3. Le point de vue et le reflet du soleil

C’est donc la simplicité du regard, pure, vraie, absolue, sans pitié ou amoureuse, caressante, triste, heureuse, qui me semble être le principal risque esthétique de notre époque. La « bonne idée », l’idée commune, universelle, toujours ré-énoncée et re-peinte. J’ai souvent eu de ces bonnes idées en les redécouvrant déjà écrites ou peintes plus tard, mais ce n’est pas grave : je suis continuation ici, à mon époque, et je reprends cette même bonne idée, l’idée simple, sentiment simple : un poème sur l’amour ou une montagne dans les nuages. Située dans un autre temps que les autres, mon expression sera de toute façon différente. Car je crois, comme Borges, que l’art est un livre sans cesse réécrit de mains différentes, mains qui donnent le cachet d’une vision originale et immédiatement perceptible.

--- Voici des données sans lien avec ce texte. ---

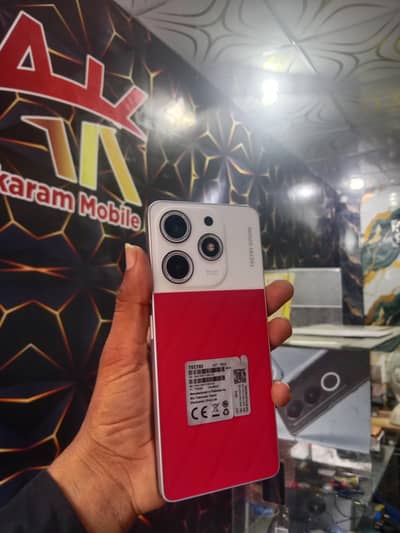 tecno spark 10 pro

Dire que tous les goûts et les couleurs sont dans la nature, c’est vrai, mais c’est flou – et on voit à quoi mène cette affirmation, au nivellement des valeurs dont j’ai parlé plus haut. Il vaudrait mieux dire : « tous les points de vue sont dans la nature ». C’est de la qualité de la transmission de ce point de vue que provient la qualité de l’œuvre ; qualité de l’enchaînement des notes et de l’exécution pour la musique, qualité du geste, de la lumière, des formes en peinture, qualité des mots, des tournures et de la chanson chère à Verlaine en poésie ; qualité de l’envergure, de la construction, de la langue et de l’imaginaire dans la littérature ; qualité du temps dans le cinéma… la liste serait trop longue à détailler. Soulignons seulement que le point commun, c’est le sentiment, l’art du point de vue…

Dans le Livre du Monde, la connaissance se parcelle en grains de sable. Ils renvoient tous des petits éclats de soleil, ils reflètent tous partiellement, dans leurs miroirs de gypse, une sensation qui existe, une et divisible : condition humaine, beauté, fugacité, passion, mort. Parfois nous ne voyons rien, mais nous sommes chauffés par réverbération quand même, dans notre corps, notre sensibilité, notre esprit. Ce sont ces petits reflets qui intéressent les chercheurs de risque, et ils les intègrent partout où ils sont : dans une pomme, dans un paysage, dans une sensation de plénitude. Petits éclats de connaissance que collectionne l’artiste, malgré sa place dans l’espace et le temps, qui ne lui permet qu’un seul point de vue. Heureusement, d’autres ont déjà collectionné ces petits éclats, et en ont tiré les œuvres qui nous font supporter cette vallée de larmes qu’est la vie. Grâce à eux, nous touchons l’univers ; il faut donc continuer leur recherche, au risque, peut-être, d’attraper d’autres reflets du soleil…

Dorothée SERS-HERMANN 14 août 2009

Peintre et poète. Née en 1980, elle vit et travaille à Paris.